──────── EXTRACTED ENTRIES

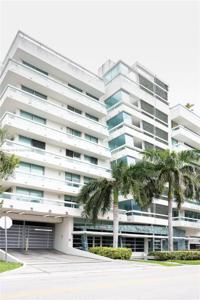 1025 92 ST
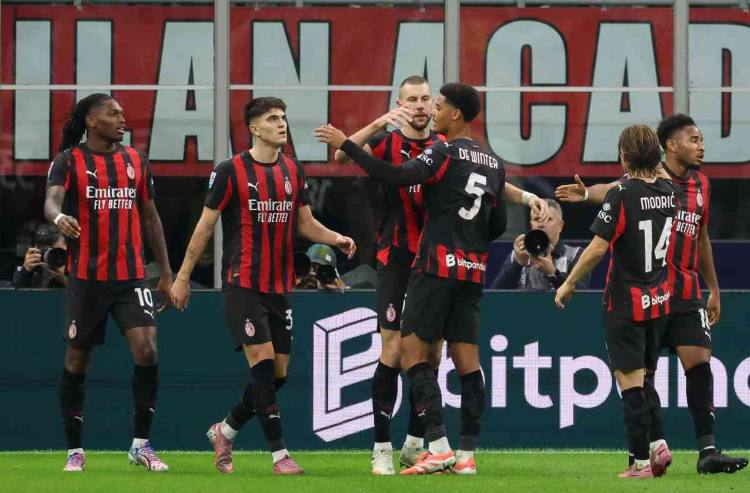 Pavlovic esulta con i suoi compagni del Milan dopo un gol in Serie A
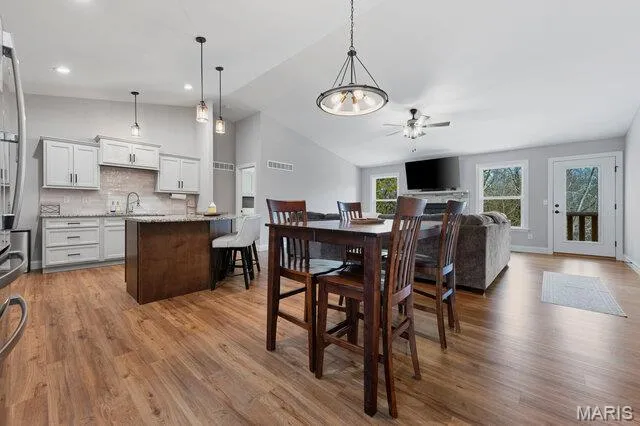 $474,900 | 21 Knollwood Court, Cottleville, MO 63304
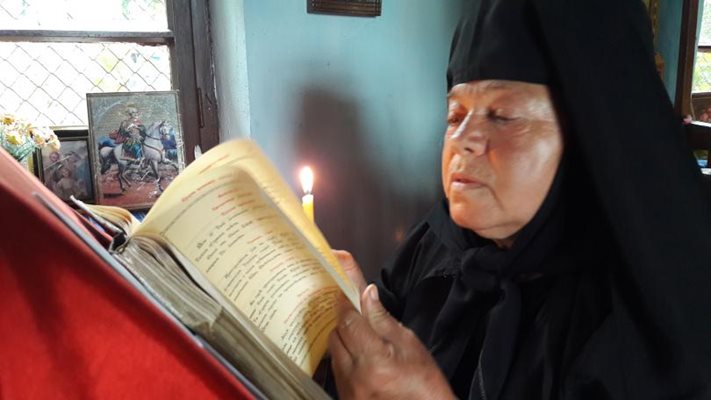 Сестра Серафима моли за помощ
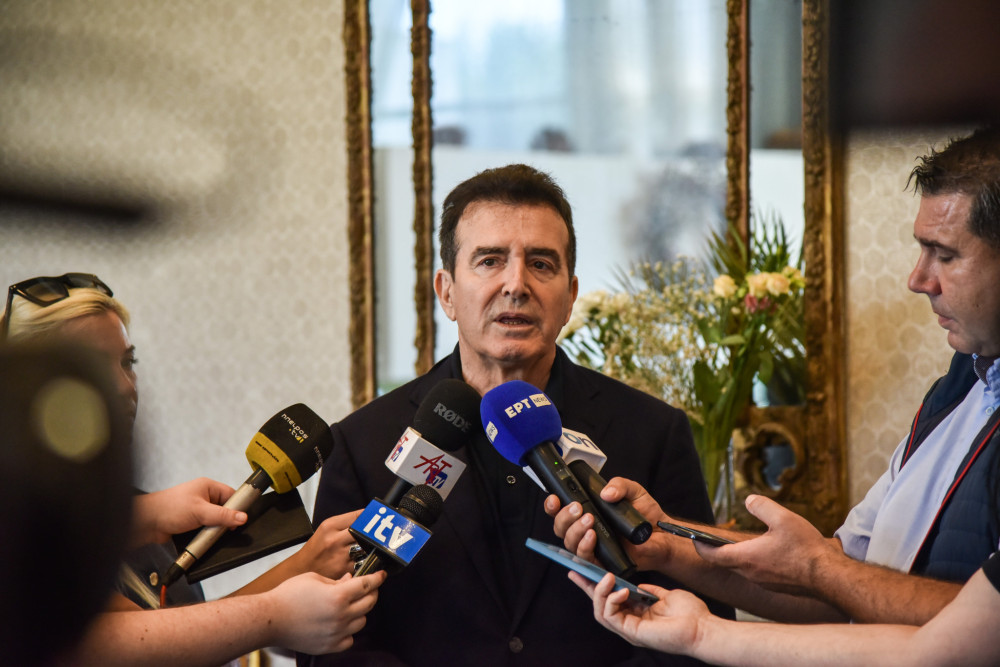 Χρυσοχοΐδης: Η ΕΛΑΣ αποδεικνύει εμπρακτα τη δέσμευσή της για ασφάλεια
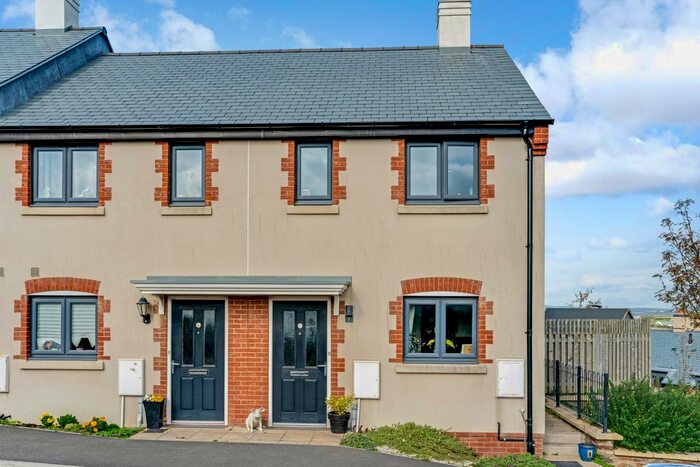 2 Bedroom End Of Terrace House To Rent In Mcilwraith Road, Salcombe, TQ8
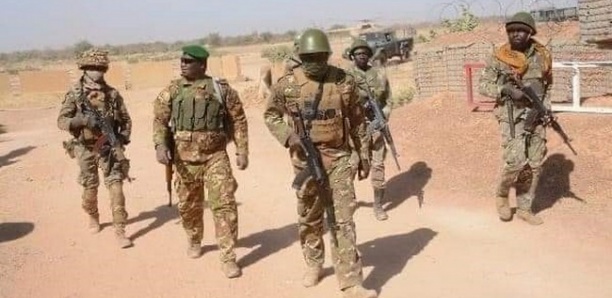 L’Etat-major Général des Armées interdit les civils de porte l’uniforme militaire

────────────────

> WORK INSTRUCTION
Type out each line of the records above exactly, skipping any pictures.

> FINISHED TASK
 1025 92 ST
 Pavlovic esulta con i suoi compagni del Milan dopo un gol in Serie A
 $474,900 | 21 Knollwood Court, Cottleville, MO 63304
 Сестра Серафима моли за помощ
 Χρυσοχοΐδης: Η ΕΛΑΣ αποδεικνύει εμπρακτα τη δέσμευσή της για ασφάλεια
 2 Bedroom End Of Terrace House To Rent In Mcilwraith Road, Salcombe, TQ8
 L’Etat-major Général des Armées interdit les civils de porte l’uniforme militaire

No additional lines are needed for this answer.